Because of liberalization in the industrial, services and agricultural sectors, many developing countries face dislocation of local industries, products and services as these are generally small- or medium-sized and, therefore, are unable to compete with larger multinationals or foreign companies that are able to market cheaper imports due to economies of scale.

Developed countries and the special interests within them have campaigned for the globalization agenda over the years. They have pushed for open markets for their industrial goods in poor countries but have, just the same, maintained their own protectionist systems, especially on agricultural products• from the point of view of the have-nots, the current levels of protectionism in developed countries are scandalous.

For instance, OECD member-countries reportedly spend over us$350 billion every year to protect their agriculture sectors -- or almost us$ one billion each day -- far more than the total us$50 billion devoted to development assistance to poor countries. In their mistaken belief that "one-size fits all" and their unrelenting focus on economic growth and financial stability, multilateral institutions and donor countries have imposed conditionality that are beyond the capability of poor countries to handle.

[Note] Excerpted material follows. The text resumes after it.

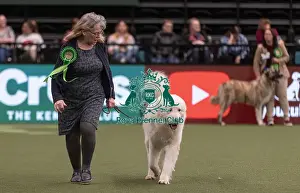D-C-D-0-1-9-0 Crufts 2024 NEC Birmingham Pastoral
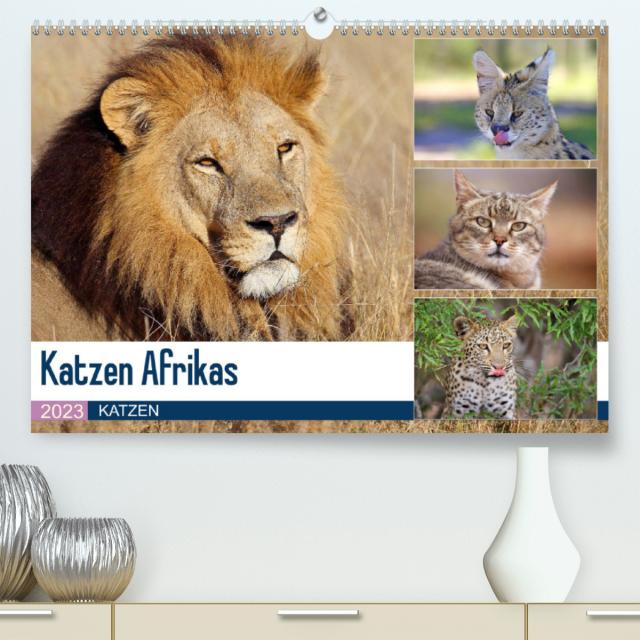 Katzen Afrikas (Premium, hochwertiger DIN A2 Wandkalender 2023, Kunstdruck in Hochglanz)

On the other hand, in their desire to accelerate domestic sufficiency and economic growth, many developing countries have embraced liberalization -- unsuspecting of its pitfalls and certain rules of the game definitely not to their favor. Their insufficient institutional capacities have been compounded by abusive or incompetent governance, a sheer lack of resources, or a combination of all these.

Human security and international terrorism

The inequity and the unfairness of it all have led to civil wars, insurgency, ethnic cleansing, violent crimes, strong-man regimes, international terrorism -- a virtual explosion of threats to human security -- whose dimensions may have been neglected or overlooked in the quest for globalization, and whose inescapable result is increasing poverty.

At the beginning of the 20th century, people seemed to believe that the growth of economic interdependence, technological progress and social connectivity would bring about future decades of peace and security. Tragically, the 20th century turned out to be one of the bloodiest centuries in human experience.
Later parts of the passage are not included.